• **INSTRUCTIONS FOR THE TASK**: In the records that follow, find the line containing "Set of different classic pillars Set" and the line containing "Rub-a-Dub Dog –", then transcribe both and every line between them exactly, omitting pictures.

• **RECORDS TO PROCESS**:
══════════
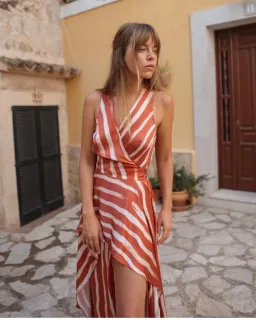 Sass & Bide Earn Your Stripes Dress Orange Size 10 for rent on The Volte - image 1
══════════
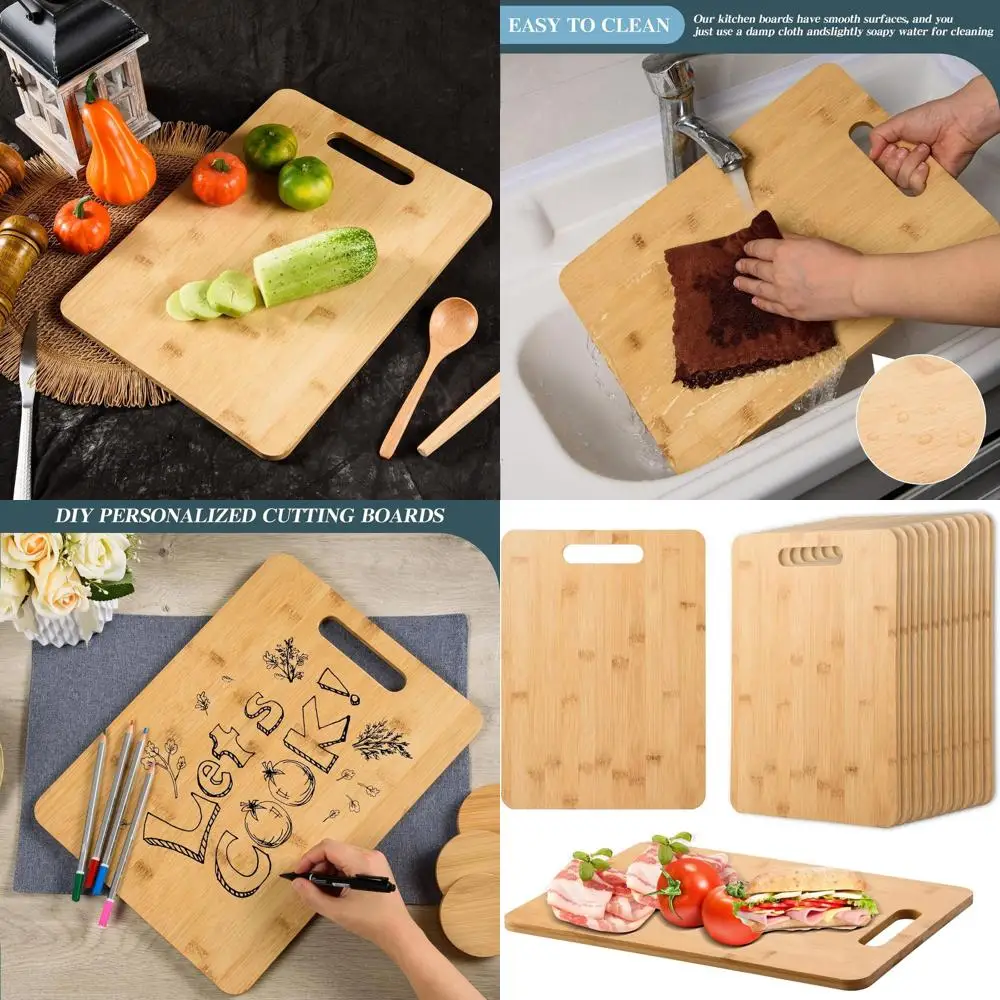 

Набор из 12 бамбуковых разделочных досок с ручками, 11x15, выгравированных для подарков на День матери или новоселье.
══════════
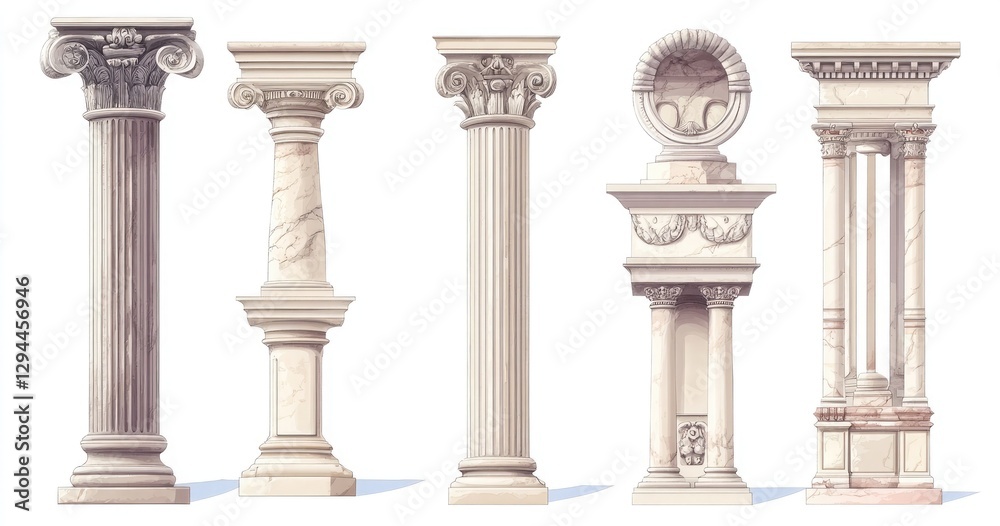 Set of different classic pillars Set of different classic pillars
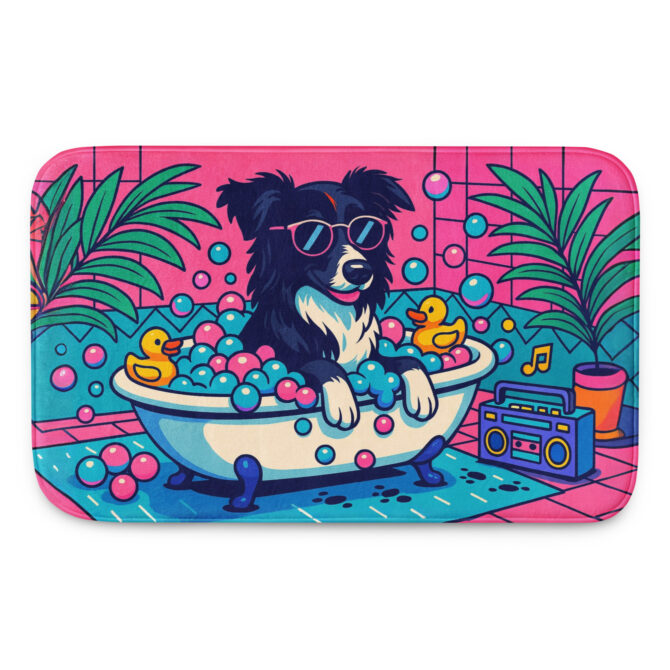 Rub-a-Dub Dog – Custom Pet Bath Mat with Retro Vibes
══════════
• **ANSWER BELOW**:
 Set of different classic pillars Set of different classic pillars
 Rub-a-Dub Dog – Custom Pet Bath Mat with Retro Vibes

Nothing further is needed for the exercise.